Le lendemain était jour de marché : je le passai sur la place, à parcourir les groupes et à étudier les physionomies : c’étaient les mêmes divertissemens et les mêmes scènes qu’au sauk de Tanger, mais sur une plus grande échelle ; et le psylle, qui représentait là les sectateurs de Ben-Aïsa, était un petit nègre barbu qui dansait autour du feu tout en déchirant ses serpens. Le marché de Tétouan est très fréquenté ; c’est une galerie où l’on peut passer en revue les différentes races qui peuplent le Maroc. On en distingue quatre principales : les Berbères ou Amazirgues, les Scelloks, les Maures et les Arabes. Toutes les tribus de l’empire rentrent dans ces quatre grandes divisions.

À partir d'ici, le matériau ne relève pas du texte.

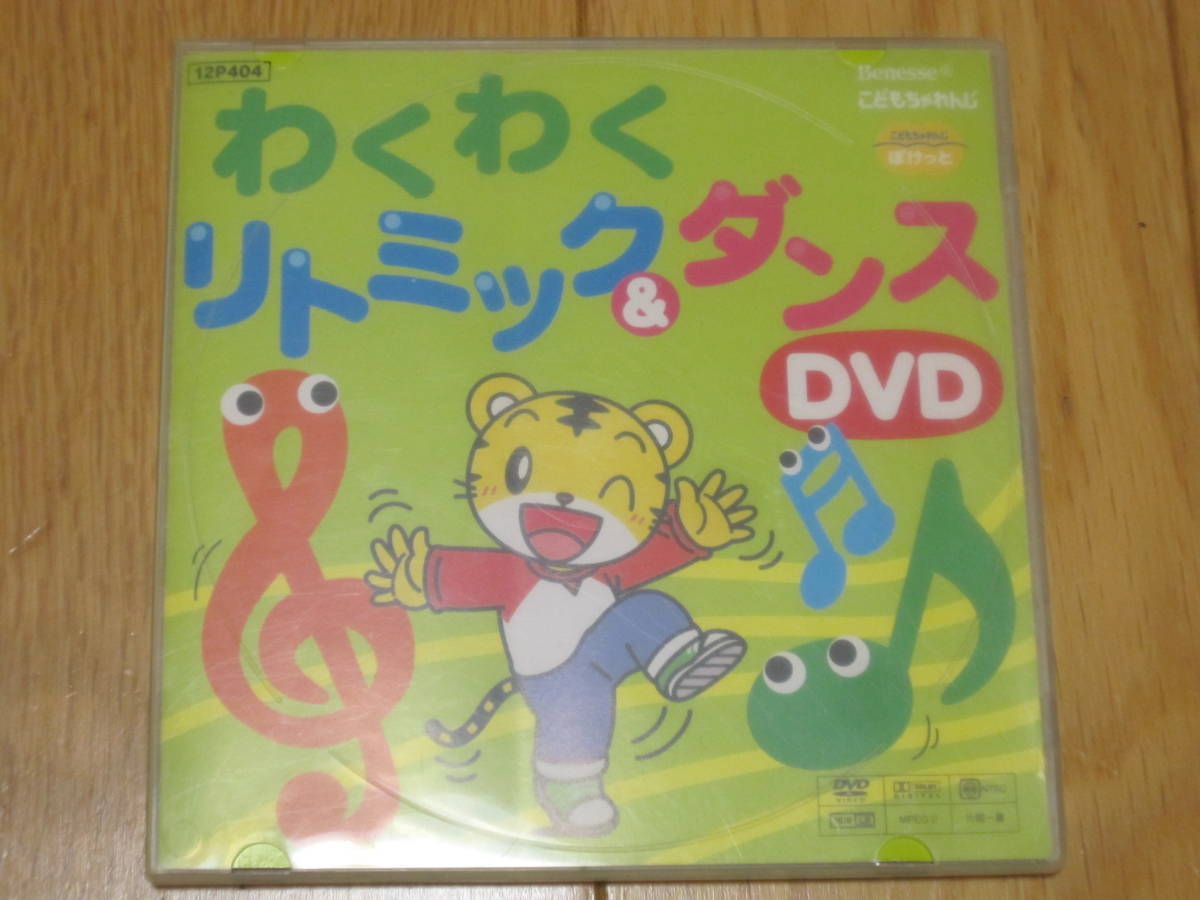 こどもちゃれんじ ぽけっと Dvd わくわく リトミック ダンス ベネッセ Benesse しまじろう の落札情報詳細 ヤフオク落札価格情報 オークフリー スマートフォン版
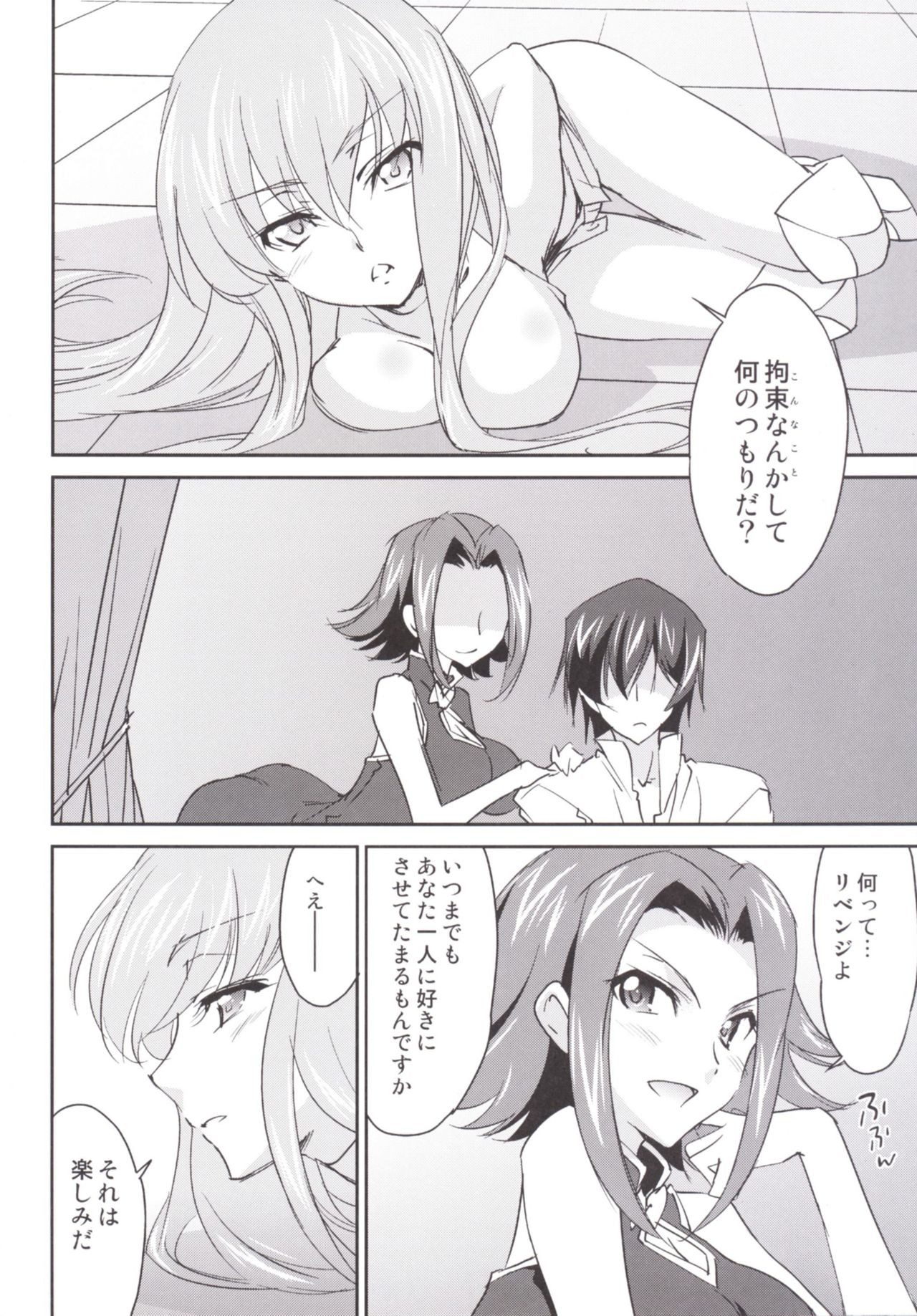 Rebellious Kallen page 8 full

Les Amazirgues, appelés à tort Berbères, sont les descendans directs des plus anciens habitans, non-seulement du Maroc, mais de toute l’Afrique septentrionale, du Nil à l’Océan : il paraît qu’ils ne sont autres que les antiques Numides ; et c’est d’eux que tirèrent leur origine les peuples primitifs de la Mauritanie, de la Nubie et de la Libye. Amazirgues est leur nom générique ; ils en prennent de particuliers, suivant les lieux qu’ils habitent ; ils se nomment Kabiles dans la régence d’Alger, Zouaves dans celle de Tunis, Adems dans l’état de Tripoli, Touates dans le grand désert. Les Amazirgues du Maroc sont répandus sur toute la région de l’Atlas, depuis le Riff jusqu’à la province de Tedla et au royaume de Tafilet. Ils se subdivisent en tribus ou familles qui tirent leur nom, ou de leur premier chef, ou de leur berceau, ou des lieux occupés par eux. La tribu des Gomères est la plus puissante et la plus célèbre.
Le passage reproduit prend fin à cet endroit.